Wow! Thank you so much, Hannah! I'm honored to have my piece selected as the challenge winner. Thank you! Congratulations to everyone who placed -- exceptional stories as always. And congratulations to all who participated. I'll be reading all the entries as soon as I can. Thanks again, Hannah, for an inspired prompt!!! 🥳 🤩 🥰
Thanks Hannah for an excellent challenge, entertaining story and impressive dedication to such precise, impartial judging 😳🧐😃… Congratulations to all the place getters ✅🤩. I have some reading to catch up on 👍🏼.
Oh...wow...thank you and to be placed in joint third with Poppy and Sonia, both whom I greatly admire...awesome. Thank you again for running this challenge, Hannah (interestingly, I nearly typed Gannah...which I felt deserved to be vocalised) can't argue with the choices for the other places, as everyone you picked out wrote amazing pieces. Congrats to Mesh, Mike, Stephen, KP, Sonia, Poppy, Rachel, Mike and of course, Christy! Just brilliant.
I love to read about your life. You characterize it so vividly, every time. What a busy week indeed! I laughed when I saw “Warhammer.” My husband is a big, big fan of the game/hobby. Looking forward to the announcement! 💜😊
Oh my, you sure had a lot on your plate!
Fingers crossed!
Looking forward to the announcement! Thanks for a wonderful challenge!
Thanks for sharing this and Challenges can be a challenge
This was a fun read, hearing about your quiet busy week and excel endeavors! So many entries! Will have to peruse!
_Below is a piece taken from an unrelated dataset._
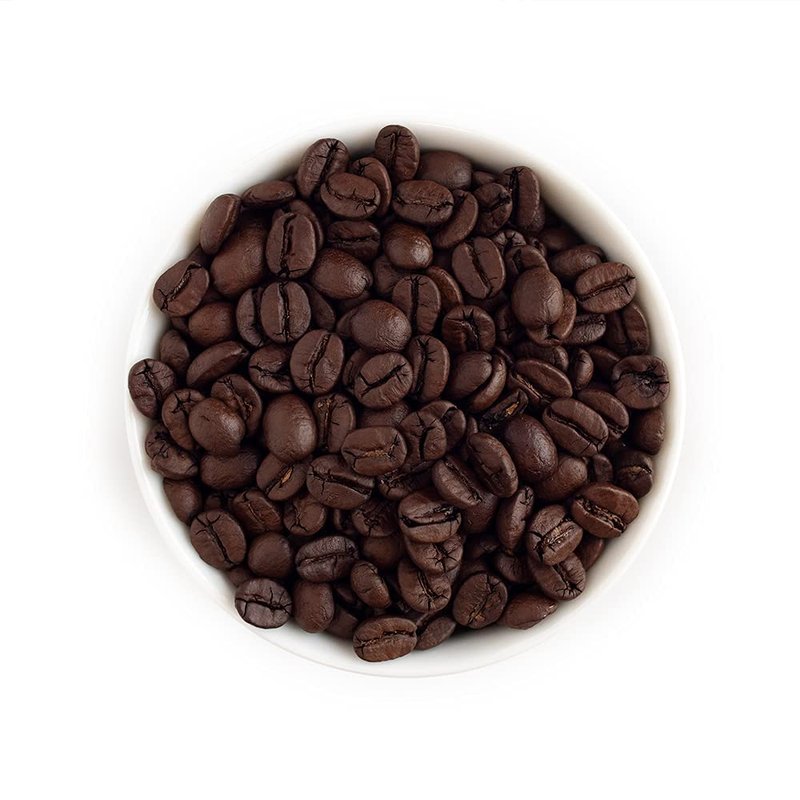 Fresh Roasted Coffee, Dark Brazil, 5 lb (80 oz), Med-Dark Roast, Whole Bean, Kosher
Oh, I do love how you write. "Absolute bastards" had me lol. Good luck with the judging.
This was funny! Bastards, the paid of them; your parents; climbing the roofs (as said in U.S.) and you didn't understand he MEANT his business roof, sure, OK, LOL. The Excel formulas - when I was working, a team member and I were on the phone with our supervisor. She made a comment about another person and he heard it or saw it! He was so furious and insulted; but I assured him it was not meant in a mean way - he was the EXPERT at formulas and I told him we were in awe (true) of his ability to create pivot tables and all the stuff Excel does (which we couldn't do). Yay to the ones who have it and can help the others. Good luck in your judging and I hope you have a wonderful uplifting, sun-filled week, after all of this and Grandpa....
Ooooh. exciting. So many others to read too. I was about to say "MINE's NOT THERE, HANNAH!" and then realised it was, lol. Egg on face narrowly avoided. Phew. Loved the whole piece though as I am a big fan of anything you write lol. Superfan or something. But, honestly, "complete bastards" made me laugh. Slight huffing at your man asking you what you wanted HIM to cook. Him interfering/helping with your thing...the stuff with your dad...the stuff with you and rooves (is that how one writes it...) - just a real gem and made me smile and grin a bit. I can't wait to see the results. Thank you for running this challenge, regardless...it was nice to have a positive prompt.